In the data below, begin at the line with "Coniophanes dromiciformis" and stop after the line with "Boletus lupinus - Hans"; output those lines exactly and no pictures.
(Beginning of DATA EXTRACT)
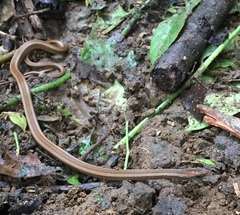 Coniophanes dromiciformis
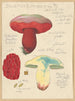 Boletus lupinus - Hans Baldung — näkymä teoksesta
(End of DATA EXTRACT)
(Beginning of DATA EXTRACT)
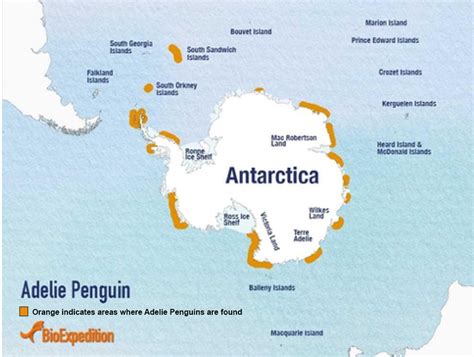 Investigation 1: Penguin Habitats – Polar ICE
(End of DATA EXTRACT)
= SOLUTION BELOW =
 Coniophanes dromiciformis
 Boletus lupinus - Hans Baldung — näkymä teoksesta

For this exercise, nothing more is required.